Falar bem do Jô Soares, morto aos 84 anos, nesta sexta-feira, é fácil. Era um gênio, e todo mundo sabe disso há décadas. Quero ver falar mal, atitude que é evitada sempre que morre uma celebridade, sobretudo as tão queridas como o Jô. Mas no passado eu já peguei bastante no pé do ator, humorista, escritor, músico e apresentador. Tipo jornalista pentelho.
Em mais de uma vez, e em mais de um texto crítico publicado neste jornal, encasquetei com o fato de Jô Soares falar demais. Em certas ocasiões, o entrevistado que ele convidara para seu programa mal tinha tempo de contar o que estava fazendo ali. Jô perguntava, respondia, discordava e concluía. O que me deixava danado da vida.
Mas agora, refletindo de manhã cedinho sobre a sua morte, relendo o que escrevi dele ou sobre ele, entendi que a implicância se devia muito mais a um rigorismo técnico de minha parte —entrevistador pergunta, entrevistado responde— do que a uma discordância verdadeira ao Jô e seu programa.
Na verdade, foi justamente o "matraquear" do Jô, como tive a petulância de escrever certa vez, que fazia muitas vezes o seu programa valer a pena.
Fosse por alguma falha da produção na hora de escolher o convidado, fosse por um momento infeliz ou um "branco" do entrevistado, o fato é que inúmeras vezes a entrevista não fluía, caía num poço de chatice e irrelevância, daquelas que fazem a gente mudar de canal ou ir dormir. Mas daí entrava em cena toda a genialidade do Jô, capturando o assunto do entrevistado e explicando, ampliando a conversa, por vezes dando uma aula sobre o assunto em questão.
A cultura do Jô era uma coisa assustadora, e inúmeras vezes ele mesmo, sua memória e seu conhecimento da vida fizeram seu programa valer a pena. Elas foram o programa e a noite terminou muito bem. Nem sempre, claro.
Já que a esta altura da vida posso me arrogar o direito de me classificar como um "velho lobo da imprensa", como diria o pessoal do "Casseta & Planeta" —outra referência histórica obrigatória—, me permito aqui uma lembrança muito antiga.

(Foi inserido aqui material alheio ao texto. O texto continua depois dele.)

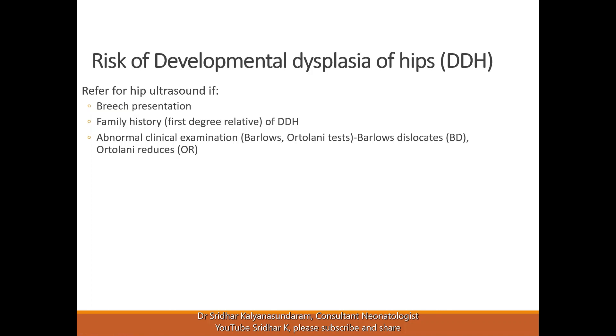Female babies are at higher risk, and if you have an abnormal clinical examination it also puts the baby at risk. So we have to do the screening. Some countries like Germany do universal hip screening with ultrasound, but it's not cost effective. In the UK, as well as many other countries, screening is based on risk factors as specified.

Fui incumbido de entrevistar o Jô sobre um seu novo show, nos inícios da década de 1980. Mas a agenda do artista não tinha espaço para um repórter iniciante, embora meu jornal, o Estadão, fosse o Estadão. Daí que a produção do espetáculo fez que fez, deu um jeito e me colocou na coxia do teatro da avenida Brigadeiro Luiz Antonio para, como desse, eu falasse com o Jô para minha reportagem.

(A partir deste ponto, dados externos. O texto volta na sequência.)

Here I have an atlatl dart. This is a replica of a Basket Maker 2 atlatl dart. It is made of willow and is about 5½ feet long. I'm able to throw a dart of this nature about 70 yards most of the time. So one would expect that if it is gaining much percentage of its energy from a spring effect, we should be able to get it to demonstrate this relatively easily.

E foi uma maravilha. Atrás das cortinas, eu ficava a posto, e a cada vez que Jô saía de cena para trocar de roupa e encarar outro de seus fantásticos personagens, ele falava alguma coisa comigo. Respondia a perguntas sobre arte, política, a vida em geral. Ria, contava piada, cutucava outros artistas, seus fãs. Tudo pronta e rapidamente, como se aquilo fizesse parte do show. Foi uma das reportagens mais legais que fiz, graças à generosidade deste artista inigualável.

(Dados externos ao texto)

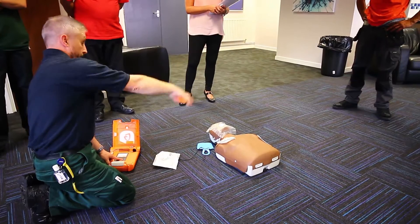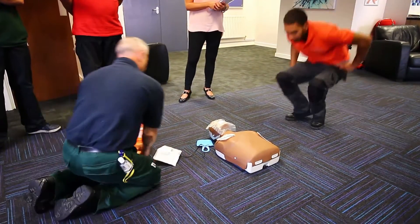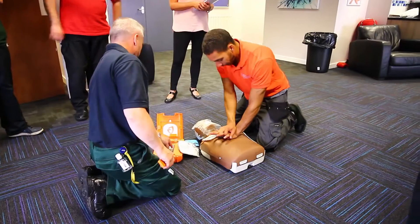It is now safe to touch the patient. Back on him again. Give 30 rapid compressions and 2 breaths.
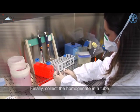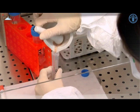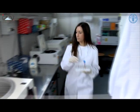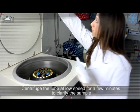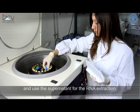Finally, collect the homogenate in a tube. Centrifuge the tube at low speed for a few minutes to clarify the sample, and use the supernatant for the RNA extraction.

Um episódio mais contemporâneo relativo ao Jô me causa muito orgulho. Foi um texto publicado neste jornal em que defendi o artista e me solidarizei com ele por causa de uma agressão obtusa e ofensiva que recebera, um xingamento pichado no asfalto em frente ao seu prédio. Coisa pesada, desejando sua morte, numa clara antecipação dos tempos tenebrosos que hoje vivemos. Jô tivera a ousadia de entrevistar a então presidente Dilma Rousseff, imaginem!
Obviamente, em contraponto ao ataque, ele recebeu todo tipo de apoio, mas não só. Outras ofensas pipocaram e até eu recebi uma série de xingamentos. O mais triste e ofensivo deles por parte de um então conhecido "marchand" (na verdade um atravessador do trabalho alheio), que, credo, propôs meu linchamento. À época ele tinha alguma importância, mas hoje está recolhido à sua silenciosa insignificância.
Assim como este sujeito que merece o esquecimento, os beócios que nos afetam cotidianamente com suas estultices jamais entenderam, entenderão ou entenderiam o tamanho de Jô Soares, tampouco a sua importância para a história do humor em particular e da televisão brasileira em geral.
Detalhes sobre esta trajetória estão fartamente documentados na monumental biografia escrita em parceria com Matinas Suzuki Júnior —aliás, outro profissional cuja importância para a história recente da imprensa brasileira ainda está para ser devidamente dimensionada.
História linda, a deste José Eugênio, não?